DeepSeek developed its AI model at an exceptionally low cost—estimated between $5 and $6 million—by using strategic methods that set it apart from competitors in the AI industry.
Key Factors Behind DeepSeek’s Low Development Costs
-
Optimized Hardware Use:
Instead of relying on the latest technology, DeepSeek used a mix of lower-end chips and a stockpile of Nvidia A100 chips purchased before export restrictions took effect. This approach provided access to powerful hardware without the high costs of cutting-edge technology.
-
Efficient Training Methods:
The company adopted innovative techniques, such as the mixture of experts (MoE) architecture, which activates only a portion of the model’s parameters during inference.

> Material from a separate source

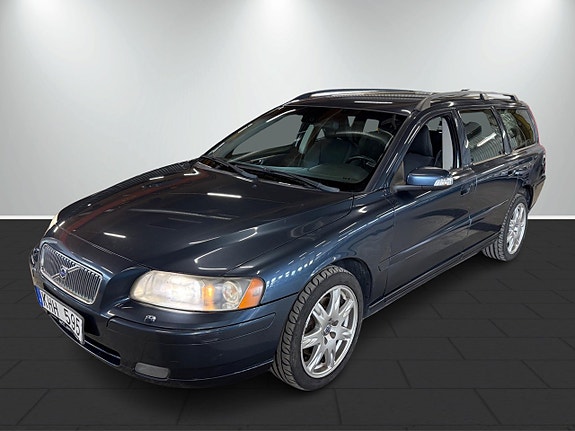 Volvo V70 2 of 5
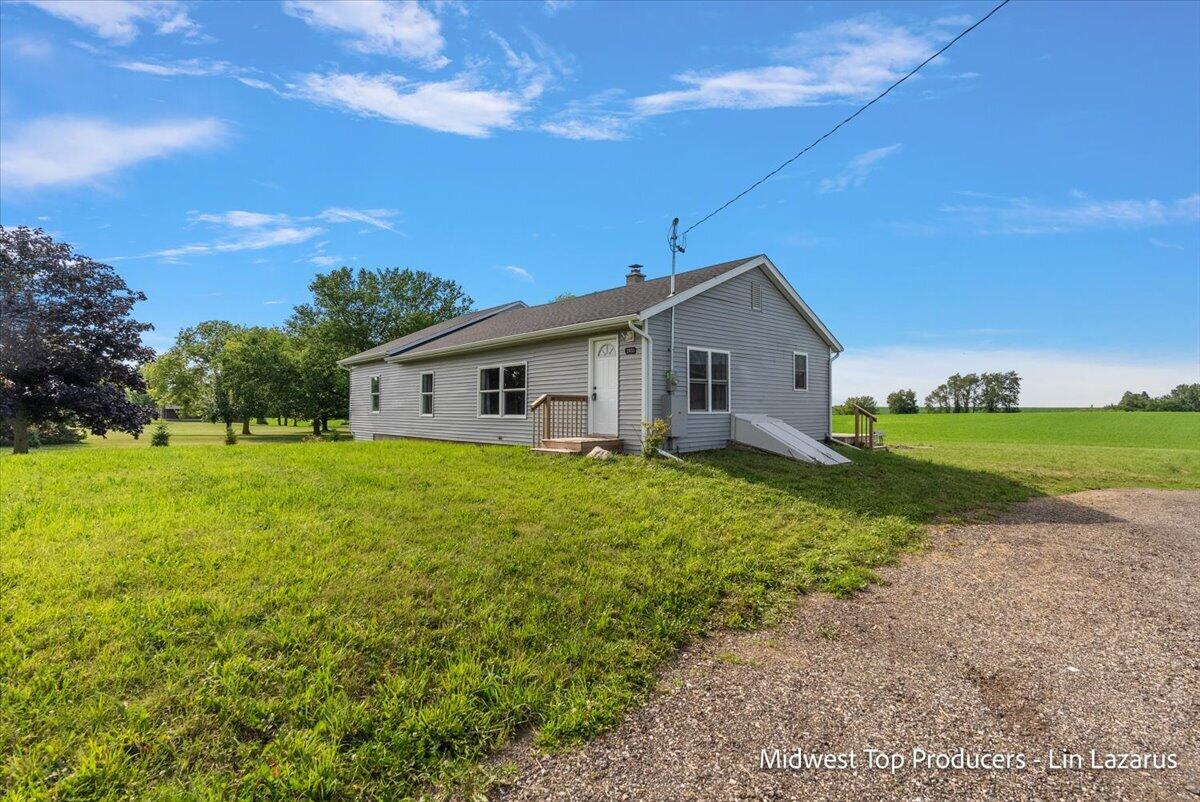 2931 130th Avenue Allegan MI 49010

This strategy significantly reduced computational demands and expenses. For example, DeepSeek’s model has 671 billion parameters but only uses 37 billion at a time, maximizing efficiency.
-
Lower GPU Hour Costs:
DeepSeek spent about 2.79 million GPU hours to train its models, costing approximately $5.58 million at an estimated rate of $2 per GPU hour. This figure is significantly lower than competitors’ expenses, as they typically rely on more advanced hardware and extensive infrastructures.
-
Open-Source Advantage:
By open-sourcing its model, DeepSeek cut development costs while fostering collaboration and innovation. This approach accelerates advancements without the hefty expenses of proprietary AI models.
-
Strategic Team and Resource Allocation:
DeepSeek quickly assembled a skilled team, leveraging its connections with High-Flyer, a hedge fund specializing in AI-driven strategies. This focus on talent and efficient resource distribution helped the company innovate rapidly while keeping costs low.
Combining these cost-cutting strategies, DeepSeek challenges industry giants like OpenAI and Google. Its success raises questions about the long-term viability of traditional AI development models, which depend on expensive hardware and massive financial investments.